Start of Material to process
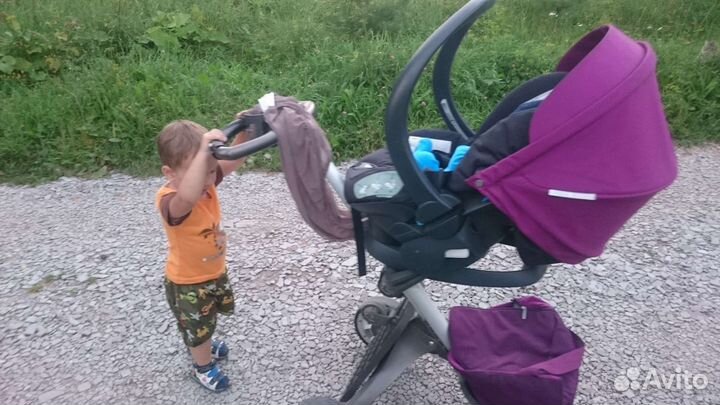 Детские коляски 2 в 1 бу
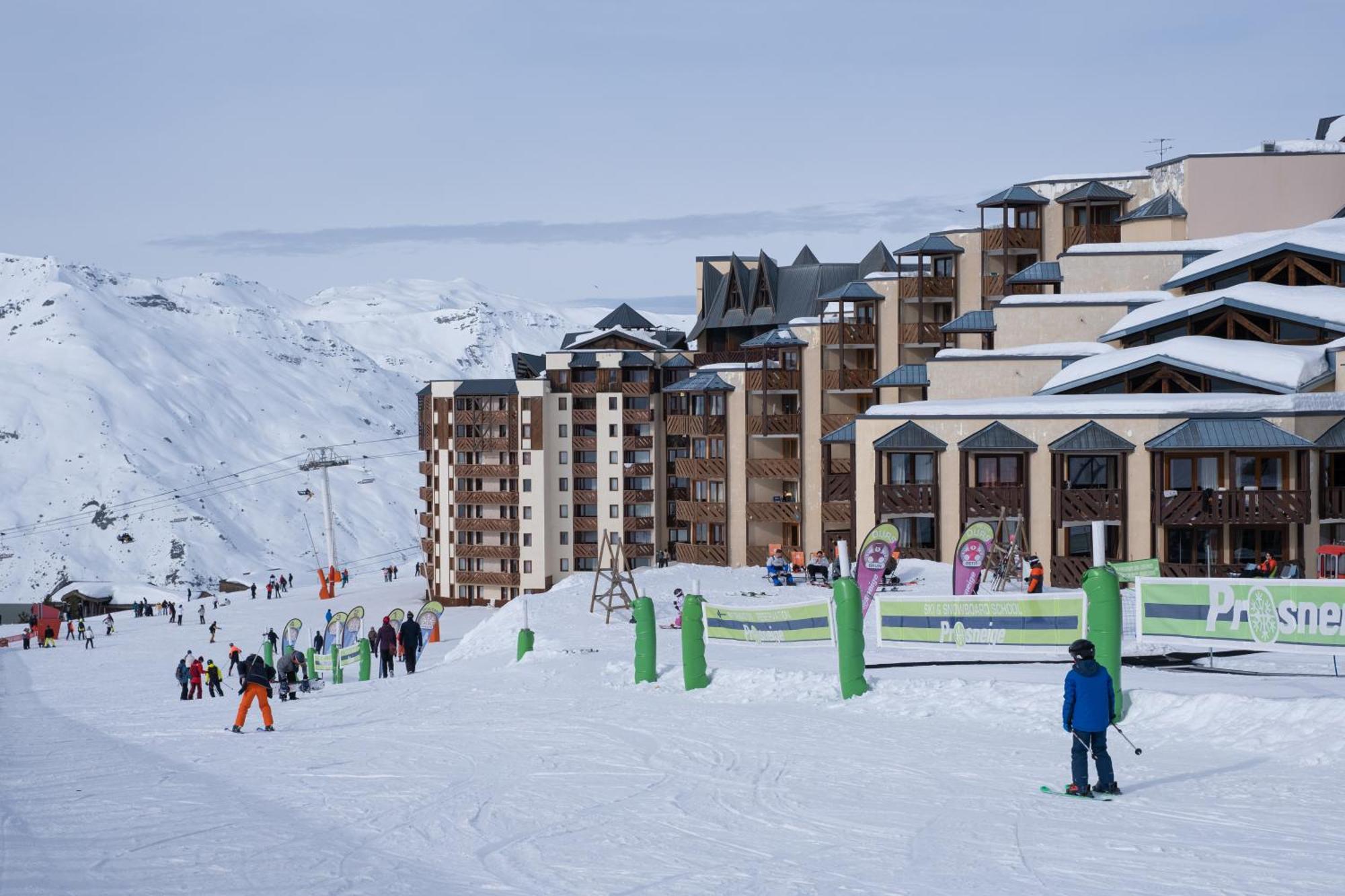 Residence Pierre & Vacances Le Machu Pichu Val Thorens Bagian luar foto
End of Material to process
Start of Material to process
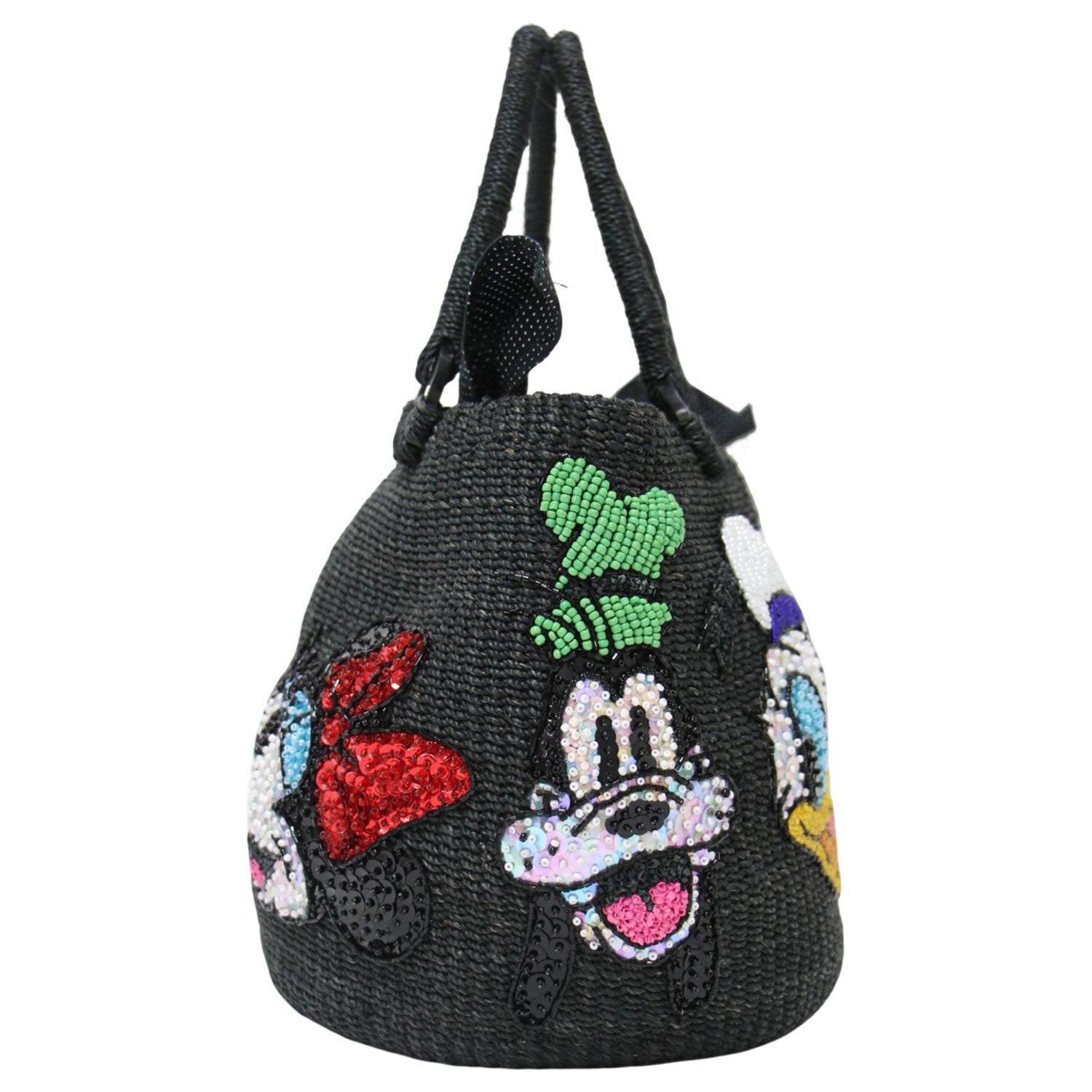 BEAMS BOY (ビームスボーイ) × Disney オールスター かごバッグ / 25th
End of Material to process
## To do
Output exactly the lines above, beginning at the one with "Детские коляски 2 в 1 бу" and stopping after the one with "Residence Pierre &". Pictures are to be omitted.

## Task response
 Детские коляски 2 в 1 бу
 Residence Pierre & Vacances Le Machu Pichu Val Thorens Bagian luar foto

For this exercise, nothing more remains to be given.